• [Action item]
Exactly as written, print out each entry in the data, with no pictures.
▼
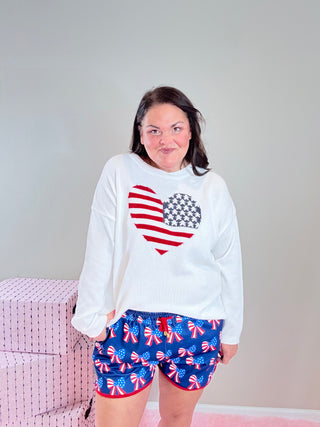 American Heart Flag Sweater – Oversized mid-weight knit sweater with a patriotic American flag heart design, perfect for showing American pride in cozy style.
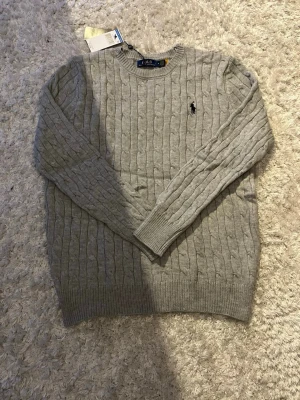 Grå kabelstickad tröja Polo Ralph Lauren - Snygg grå kabelstickad tröja från Polo Ralph Lauren i storlek M. Klassisk rund halsringning och ikoniska broderade loggan på bröstet. Perfekt till lager på lager och passar till allt. Mjuk och skön kvalitet i ullblandning.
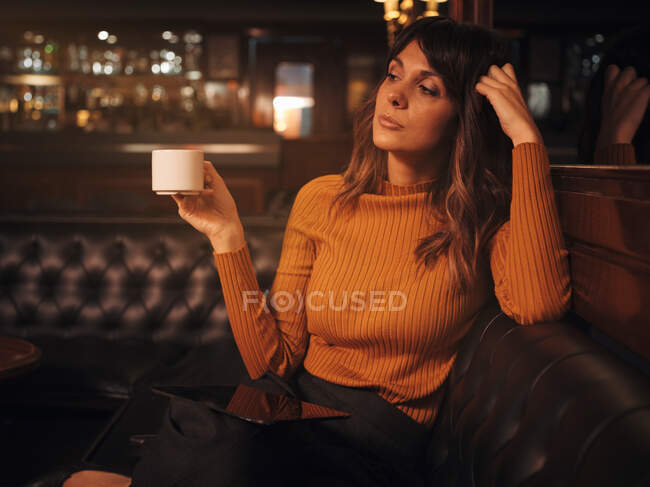 Elegante inteligente mulher pensativa surf tablet confortavelmente sentado no sofá de couro preto no café usando tablet e beber café em uma caneca — Fotografia de Stock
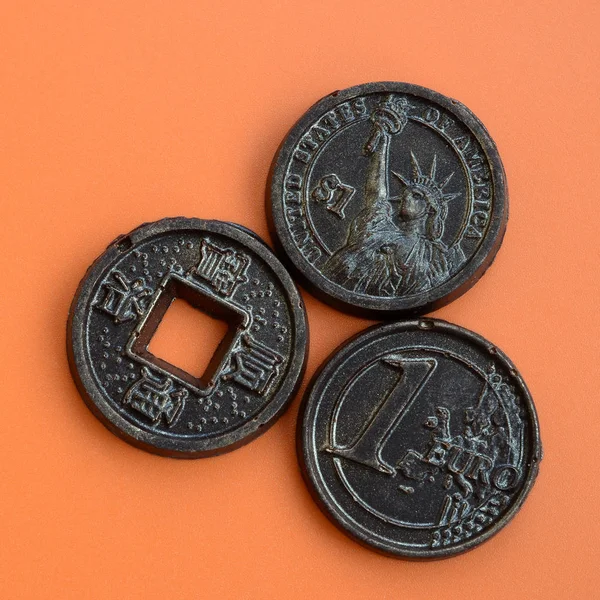 Three Chocolate Products Form Euro Usa Japan Coins Lie Orange — Stock Photo, Image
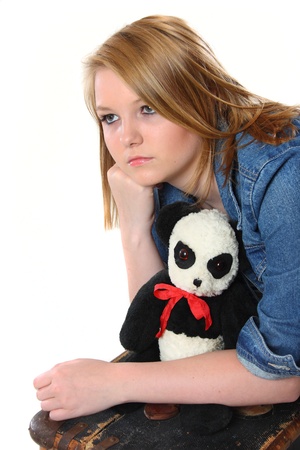 Pretty teenage girl apprehensive about leaving homeの写真素材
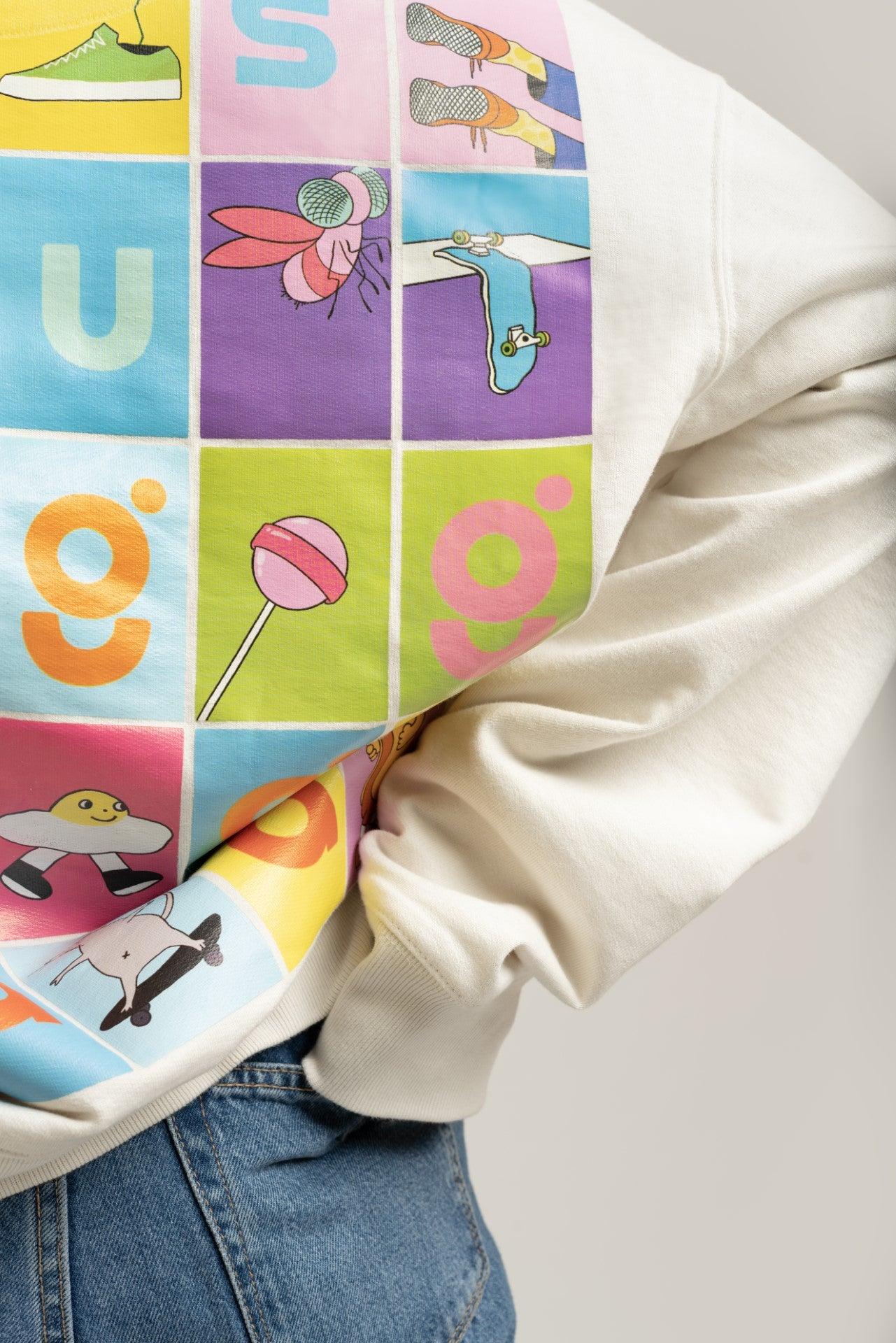Close-up of a cream streetwear sweatshirt with colorful cartoon patchwork graphic, worn with jeans.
▲
• [Task output]
 American Heart Flag Sweater – Oversized mid-weight knit sweater with a patriotic American flag heart design, perfect for showing American pride in cozy style.
 Grå kabelstickad tröja Polo Ralph Lauren - Snygg grå kabelstickad tröja från Polo Ralph Lauren i storlek M. Klassisk rund halsringning och ikoniska broderade loggan på bröstet. Perfekt till lager på lager och passar till allt. Mjuk och skön kvalitet i ullblandning.
 Elegante inteligente mulher pensativa surf tablet confortavelmente sentado no sofá de couro preto no café usando tablet e beber café em uma caneca — Fotografia de Stock
 Three Chocolate Products Form Euro Usa Japan Coins Lie Orange — Stock Photo, Image
 Pretty teenage girl apprehensive about leaving homeの写真素材
Close-up of a cream streetwear sweatshirt with colorful cartoon patchwork graphic, worn with jeans.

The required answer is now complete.